What you are asked to do -> All the lines below need to be transcribed exactly. Pictures get left out.

(Stored data)

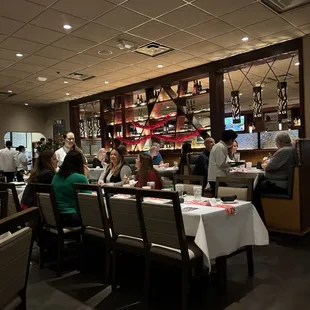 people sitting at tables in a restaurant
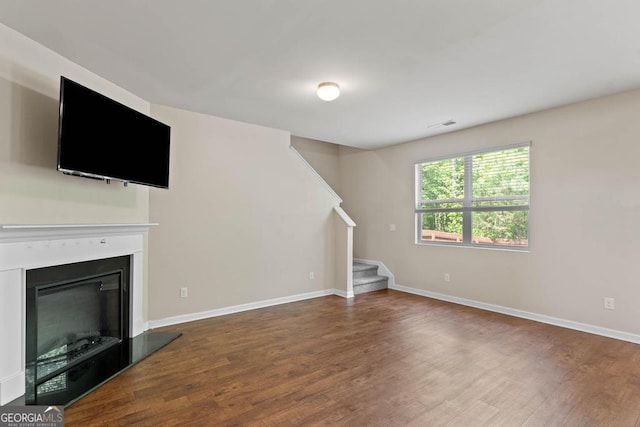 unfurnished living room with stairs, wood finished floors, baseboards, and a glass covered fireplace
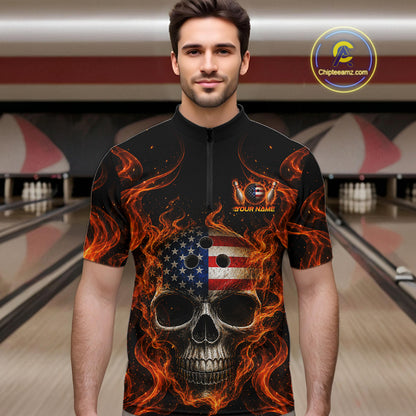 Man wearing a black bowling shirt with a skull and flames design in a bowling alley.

(End Stored data)

Output below ->
 people sitting at tables in a restaurant
 unfurnished living room with stairs, wood finished floors, baseboards, and a glass covered fireplace
 Man wearing a black bowling shirt with a skull and flames design in a bowling alley.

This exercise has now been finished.